'Dysfunctional' Prison Service Faces Reform

As many as 500 prison officers could be made redundant as part of a major, fundamental reform of the prison service in the North.

There is a severance package being proposed as one of the recommendations in an interim report published by a review team.

It found that almost 1,800 prison officers work in Northern prisons - plus just over 400 civilian staff - with fewer than 1,600 prisoners to supervise.

The annual cost of keeping a prisoner is £95,000 - more than double the cost in England, Scotland and Wales.

However, the report published today labels NI's prison service as demoralised and ineffective.

Stormont Justice Minister David Ford published the interim report by the Prison Review Team led by Dame Anne Owers.

In a statement to the Assembly, Minister Ford said that the case for fundamental transformation of the Northern Ireland Prison Service (NIPS) couldn't be avoided.

"While this report will be uncomfortable reading for many, it once again makes the compelling case that the prison service has to change and cannot continue in its current form," he said.

In accepting the findings of the report, the Minister said that for too long in the past there was no political will to reform the service but now under devolution, there is both the challenge and the opportunity to deliver fundamental change.

He said: "The NIPS of the future must be smaller, more cost effective and dedicated to work with prisoners in their care to address their offending behaviour.

"There is a great distance to travel to get to that point but central to making those changes, is the introduction of an exit scheme that will allow those who want to leave the service to go with dignity. That work is ongoing within the Department," he continued.

"This interim report also makes it clear that as a society, we must look at how to prevent crime and how we manage offenders in the system and challenge their offending behaviour.
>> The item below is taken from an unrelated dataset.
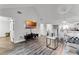 Bright living room featuring a vaulted ceiling, wood floors, modern decor, and seamless flow to the adjacent kitchen at 1234 Villa Ln # S, Apopka, FL 32712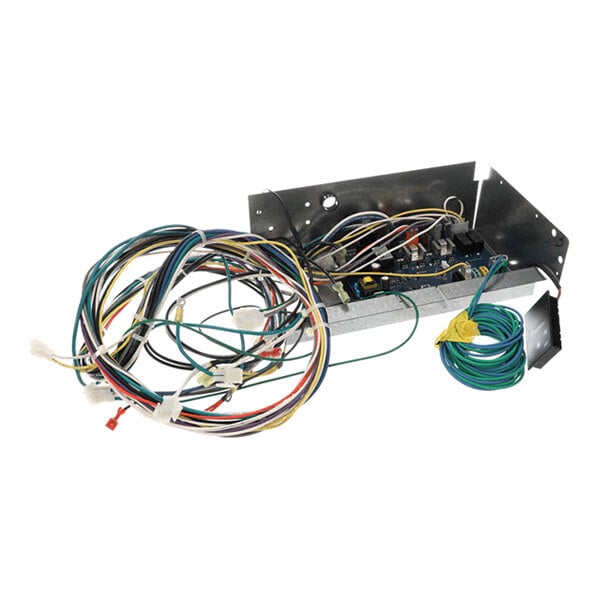A metal enclosure containing an electronic circuit board with multiple attached wires and connectors, including several coiled cables.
"That is a challenge not just for the Department of Justice, but for society as a whole and the Assembly must fully support the vision set out in today's report if we are to turn in into a reality."

The process has already started, with a letter sent to all prison officers today setting out the need for change, and confirming that a redundancy scheme will be launched in the autumn.

The Minister acknowledged that the Prison Service, with a newly appointed Director General, was rolling out a programme of change.

"The Strategic Efficiency and Effectiveness Programme (SEE Programme) will be vehicle used by the Prison Service to deliver the transformational change that is demanded by this report.

"We have a clear direction of travel, and Dame Anne and her team have helpfully identified those areas where specific recommendations are likely to be brought forward in their final report to be published before the summer," he continued.

Meanwhile, the Director General of the Northern Ireland Prison Service also welcomed the publication of the interim report.

Colin McConnell said: "This is a critical time for NIPS as we struggle to reconcile the legacy of the past with our desire and determination to get things right for the future.

"This interim report recognises and confirms the many difficulties that managers, staff and offenders have to deal with on a day to day basis when living and working in the prison environment.

"I wholeheartedly welcome the interim report from Dame Anne Owers and her team.

"The report establishes once and for all that there is an unquestionable case for NIPS to launch an all-embracing transformation programme.

"Helpfully at this stage, Dame Anne has identified where the early signposts for that change programme should be leading us to and, as the Justice Minister has said, NIPS is now beginning to respond to that need for a fundamental change in direction. NIPS is at a cross-roads and this report clearly points out for us the route for the journey ahead."